In a wide-ranging interview with Reuters on his interest in Haiti, published yesterday, O’Brien referenced two other developing world mobile billionaires – Sudanese-born British rich man Mo Ibrahim, founder of Celtel, an Africa-wide cellphone network, and India-based Sunil Mittal, founder of Bharti Airtel.
O’Brien models himself on the two men who he claims, “proved the concept that you can have people with very little disposable income in real terms, but who want a phone and they’ll pay you for it, and you can afford to build up quite a large network”. It is a concept that O’Brien has applied with gusto in Haiti, which remains Digicel’s largest market and where the company is on the verge of introducing smartphones .
Ibrahim sold Celtel in 2005 for $3.4 billion and now runs the Mo Ibrahim Foundation to encourage better governance in Africa, while Mittal also runs his own foundation, the article noted.
This raises the intriguing prospect of O’Brien chucking it all in and cashing out of Digicel to devote himself to further good works.
A foundation to encourage better governance in Ireland per chance?
Consumers have enough on their plate
The discovery of horse meat in some of Ireland’s processed burgers has provoked not only outrage, but also a great deal of equine humour, much of it relating to having “a horse outside” a la The Rubberbandits. It’s all pretty funny, unless perhaps you’re a responsible executive in one of the implicated companies or, even worse, a consumer who cannot now be sure what precisely they have consumed.
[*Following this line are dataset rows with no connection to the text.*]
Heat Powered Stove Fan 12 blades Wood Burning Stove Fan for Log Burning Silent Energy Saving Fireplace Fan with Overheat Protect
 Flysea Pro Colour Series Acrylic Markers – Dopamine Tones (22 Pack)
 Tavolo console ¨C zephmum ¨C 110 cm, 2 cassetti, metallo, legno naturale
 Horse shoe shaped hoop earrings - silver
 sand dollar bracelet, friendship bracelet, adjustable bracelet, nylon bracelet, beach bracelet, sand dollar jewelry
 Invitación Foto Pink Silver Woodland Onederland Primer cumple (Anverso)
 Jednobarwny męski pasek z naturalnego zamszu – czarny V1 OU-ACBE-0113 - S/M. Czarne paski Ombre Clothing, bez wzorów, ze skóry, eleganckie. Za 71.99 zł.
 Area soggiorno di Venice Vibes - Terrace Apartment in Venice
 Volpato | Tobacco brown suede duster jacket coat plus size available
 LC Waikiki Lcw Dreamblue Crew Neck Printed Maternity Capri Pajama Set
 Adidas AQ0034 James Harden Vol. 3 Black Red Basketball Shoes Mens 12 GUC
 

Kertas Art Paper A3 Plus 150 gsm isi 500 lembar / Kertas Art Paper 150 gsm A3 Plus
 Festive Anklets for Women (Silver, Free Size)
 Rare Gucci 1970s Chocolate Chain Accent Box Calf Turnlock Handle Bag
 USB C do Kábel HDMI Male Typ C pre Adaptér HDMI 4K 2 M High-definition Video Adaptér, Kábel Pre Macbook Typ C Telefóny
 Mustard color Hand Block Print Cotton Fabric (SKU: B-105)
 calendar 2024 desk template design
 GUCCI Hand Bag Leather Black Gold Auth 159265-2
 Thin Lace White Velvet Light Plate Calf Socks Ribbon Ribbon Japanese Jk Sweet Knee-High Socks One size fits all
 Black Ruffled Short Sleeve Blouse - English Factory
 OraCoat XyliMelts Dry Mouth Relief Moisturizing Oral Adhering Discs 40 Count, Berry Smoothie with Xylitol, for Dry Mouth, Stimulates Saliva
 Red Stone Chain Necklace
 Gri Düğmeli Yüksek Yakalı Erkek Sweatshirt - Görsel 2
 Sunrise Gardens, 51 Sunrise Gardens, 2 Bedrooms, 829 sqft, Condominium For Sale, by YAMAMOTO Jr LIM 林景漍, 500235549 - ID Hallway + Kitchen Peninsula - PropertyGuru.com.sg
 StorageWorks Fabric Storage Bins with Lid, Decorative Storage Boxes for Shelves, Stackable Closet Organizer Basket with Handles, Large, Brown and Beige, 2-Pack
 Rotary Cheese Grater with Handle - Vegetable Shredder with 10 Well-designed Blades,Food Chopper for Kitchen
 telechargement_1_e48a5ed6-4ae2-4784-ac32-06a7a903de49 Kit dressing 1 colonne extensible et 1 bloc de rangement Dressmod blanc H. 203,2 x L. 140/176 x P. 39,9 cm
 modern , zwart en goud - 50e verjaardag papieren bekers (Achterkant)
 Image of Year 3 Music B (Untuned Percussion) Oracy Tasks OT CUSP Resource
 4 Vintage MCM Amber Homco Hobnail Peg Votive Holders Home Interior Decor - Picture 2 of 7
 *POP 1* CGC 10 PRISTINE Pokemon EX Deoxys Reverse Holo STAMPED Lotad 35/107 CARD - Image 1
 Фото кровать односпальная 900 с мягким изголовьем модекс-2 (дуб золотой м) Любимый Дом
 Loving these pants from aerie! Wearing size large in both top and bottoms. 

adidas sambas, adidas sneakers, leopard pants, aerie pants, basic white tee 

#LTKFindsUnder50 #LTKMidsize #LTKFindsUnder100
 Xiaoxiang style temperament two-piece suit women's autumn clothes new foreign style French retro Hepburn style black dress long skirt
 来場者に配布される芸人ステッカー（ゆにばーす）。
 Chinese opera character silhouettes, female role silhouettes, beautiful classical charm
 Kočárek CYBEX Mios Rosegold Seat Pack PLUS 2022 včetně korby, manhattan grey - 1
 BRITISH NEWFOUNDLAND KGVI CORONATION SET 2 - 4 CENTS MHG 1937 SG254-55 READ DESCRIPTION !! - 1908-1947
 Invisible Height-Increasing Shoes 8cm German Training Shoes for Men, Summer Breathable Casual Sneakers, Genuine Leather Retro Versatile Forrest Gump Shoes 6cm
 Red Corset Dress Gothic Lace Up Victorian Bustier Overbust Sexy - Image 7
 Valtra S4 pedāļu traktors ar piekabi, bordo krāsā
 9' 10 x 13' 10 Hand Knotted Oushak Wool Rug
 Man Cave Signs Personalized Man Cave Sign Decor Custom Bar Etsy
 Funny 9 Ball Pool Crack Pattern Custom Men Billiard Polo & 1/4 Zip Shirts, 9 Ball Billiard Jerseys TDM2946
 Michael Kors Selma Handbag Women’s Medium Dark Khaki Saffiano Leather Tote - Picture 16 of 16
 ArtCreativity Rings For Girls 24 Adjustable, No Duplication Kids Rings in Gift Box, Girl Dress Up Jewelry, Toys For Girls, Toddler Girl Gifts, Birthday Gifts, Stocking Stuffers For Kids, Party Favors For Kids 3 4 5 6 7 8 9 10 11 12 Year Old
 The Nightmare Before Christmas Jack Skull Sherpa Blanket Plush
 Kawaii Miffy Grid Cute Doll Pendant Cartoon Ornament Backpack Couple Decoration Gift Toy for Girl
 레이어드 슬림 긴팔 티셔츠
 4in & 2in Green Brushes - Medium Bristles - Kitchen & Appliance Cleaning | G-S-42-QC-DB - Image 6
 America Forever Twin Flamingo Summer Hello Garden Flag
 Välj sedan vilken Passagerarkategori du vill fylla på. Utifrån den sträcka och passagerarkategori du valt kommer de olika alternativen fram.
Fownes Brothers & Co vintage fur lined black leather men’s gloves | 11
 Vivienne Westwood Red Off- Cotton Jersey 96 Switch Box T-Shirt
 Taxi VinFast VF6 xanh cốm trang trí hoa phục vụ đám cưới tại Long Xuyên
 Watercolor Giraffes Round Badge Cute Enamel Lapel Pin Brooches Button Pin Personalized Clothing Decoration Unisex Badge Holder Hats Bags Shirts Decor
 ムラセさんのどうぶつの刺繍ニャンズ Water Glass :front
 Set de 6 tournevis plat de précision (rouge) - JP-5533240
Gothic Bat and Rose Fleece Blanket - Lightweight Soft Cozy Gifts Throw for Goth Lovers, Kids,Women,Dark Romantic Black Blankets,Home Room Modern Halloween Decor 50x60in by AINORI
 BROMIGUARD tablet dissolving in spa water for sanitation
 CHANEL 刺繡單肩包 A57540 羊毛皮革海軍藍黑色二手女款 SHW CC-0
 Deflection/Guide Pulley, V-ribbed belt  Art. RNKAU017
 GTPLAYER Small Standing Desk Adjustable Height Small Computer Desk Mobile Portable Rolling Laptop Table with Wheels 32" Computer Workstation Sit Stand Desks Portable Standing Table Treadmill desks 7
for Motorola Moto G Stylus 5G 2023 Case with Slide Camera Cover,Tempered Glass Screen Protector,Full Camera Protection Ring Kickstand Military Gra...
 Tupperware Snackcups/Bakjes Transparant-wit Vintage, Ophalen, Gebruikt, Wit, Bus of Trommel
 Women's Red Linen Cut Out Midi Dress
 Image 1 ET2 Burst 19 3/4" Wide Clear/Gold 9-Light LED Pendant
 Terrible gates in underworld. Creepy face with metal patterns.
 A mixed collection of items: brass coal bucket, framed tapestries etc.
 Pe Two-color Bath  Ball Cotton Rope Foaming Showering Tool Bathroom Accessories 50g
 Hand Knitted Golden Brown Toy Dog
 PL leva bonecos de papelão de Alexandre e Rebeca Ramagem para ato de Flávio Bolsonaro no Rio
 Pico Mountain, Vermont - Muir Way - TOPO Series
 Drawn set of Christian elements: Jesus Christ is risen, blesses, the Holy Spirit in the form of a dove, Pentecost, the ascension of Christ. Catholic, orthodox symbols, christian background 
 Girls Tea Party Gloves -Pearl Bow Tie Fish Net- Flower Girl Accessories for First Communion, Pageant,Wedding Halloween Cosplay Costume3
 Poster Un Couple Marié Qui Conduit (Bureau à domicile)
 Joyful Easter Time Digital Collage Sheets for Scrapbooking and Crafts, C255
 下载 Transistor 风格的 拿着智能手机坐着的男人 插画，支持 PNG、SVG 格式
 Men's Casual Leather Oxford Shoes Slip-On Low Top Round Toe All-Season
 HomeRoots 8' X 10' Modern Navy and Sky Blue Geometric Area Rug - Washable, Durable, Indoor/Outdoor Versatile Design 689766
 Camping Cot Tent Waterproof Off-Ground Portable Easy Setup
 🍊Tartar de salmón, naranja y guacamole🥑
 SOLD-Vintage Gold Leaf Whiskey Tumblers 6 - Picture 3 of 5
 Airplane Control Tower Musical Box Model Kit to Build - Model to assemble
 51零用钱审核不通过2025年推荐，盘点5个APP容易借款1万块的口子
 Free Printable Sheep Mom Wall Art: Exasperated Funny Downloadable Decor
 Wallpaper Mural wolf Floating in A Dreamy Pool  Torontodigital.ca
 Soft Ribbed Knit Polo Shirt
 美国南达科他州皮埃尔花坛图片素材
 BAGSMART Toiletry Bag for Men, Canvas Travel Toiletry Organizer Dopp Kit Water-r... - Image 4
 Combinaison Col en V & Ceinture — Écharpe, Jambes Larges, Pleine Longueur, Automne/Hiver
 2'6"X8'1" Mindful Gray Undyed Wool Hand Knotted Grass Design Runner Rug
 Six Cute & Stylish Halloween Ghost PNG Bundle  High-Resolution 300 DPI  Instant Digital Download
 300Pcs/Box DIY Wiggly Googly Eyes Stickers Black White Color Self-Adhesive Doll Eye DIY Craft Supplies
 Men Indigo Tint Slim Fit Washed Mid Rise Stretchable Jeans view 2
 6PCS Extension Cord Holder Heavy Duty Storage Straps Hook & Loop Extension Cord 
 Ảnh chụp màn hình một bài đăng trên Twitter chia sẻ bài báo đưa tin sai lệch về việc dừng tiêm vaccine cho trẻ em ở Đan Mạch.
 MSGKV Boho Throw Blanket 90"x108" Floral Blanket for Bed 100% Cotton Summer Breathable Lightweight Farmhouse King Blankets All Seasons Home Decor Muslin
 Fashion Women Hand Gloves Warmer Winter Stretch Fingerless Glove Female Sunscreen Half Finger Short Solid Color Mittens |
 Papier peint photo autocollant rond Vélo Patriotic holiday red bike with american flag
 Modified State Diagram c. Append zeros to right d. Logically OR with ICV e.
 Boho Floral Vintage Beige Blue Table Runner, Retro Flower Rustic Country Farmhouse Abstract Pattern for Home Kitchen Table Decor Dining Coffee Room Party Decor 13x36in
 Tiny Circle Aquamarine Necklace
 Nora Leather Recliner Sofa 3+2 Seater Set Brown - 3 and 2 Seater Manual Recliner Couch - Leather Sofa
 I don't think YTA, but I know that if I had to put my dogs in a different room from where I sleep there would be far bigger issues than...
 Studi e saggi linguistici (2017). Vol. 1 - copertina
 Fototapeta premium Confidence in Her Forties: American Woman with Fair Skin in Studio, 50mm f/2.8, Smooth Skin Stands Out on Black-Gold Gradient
Horses hold a position of great affection in Irish society, with the idea of cooking up a Black Beauty casserole about as appetising to most as chopping up and roasting the kitchen table. It is simply not done.
This is not, however, the most important aspect of the revelations of recent days.
Not wanting to eat horsemeat is one thing; not being able to safely rely on food labelling is an entirely different and more serious one. It is in this sense that the equine content of “beef burgers” is (to mix foodstuffs) something of a red herring.
Tesco’s Everyday Value beef burgers were found by the Food Safety Authority to contain just shy of 30 per cent horse meat. This was presumably a secret to almost all involved until the FSA conducted its tests.
Taking this to its extension, it is a mere hop and a skip to the conclusion that absolutely anything could be included in an Irish burger (or another processed meat) as long as it doesn’t interfere with the flavour.
Sawdust nuggets, anybody?
This leads to a fundamental loss of trust in any kind of meat that is processed through a factory and comes out the other end in a different form.
Consumers deserve better, as do the retailers that have little choice but to place their confidence in meat factories.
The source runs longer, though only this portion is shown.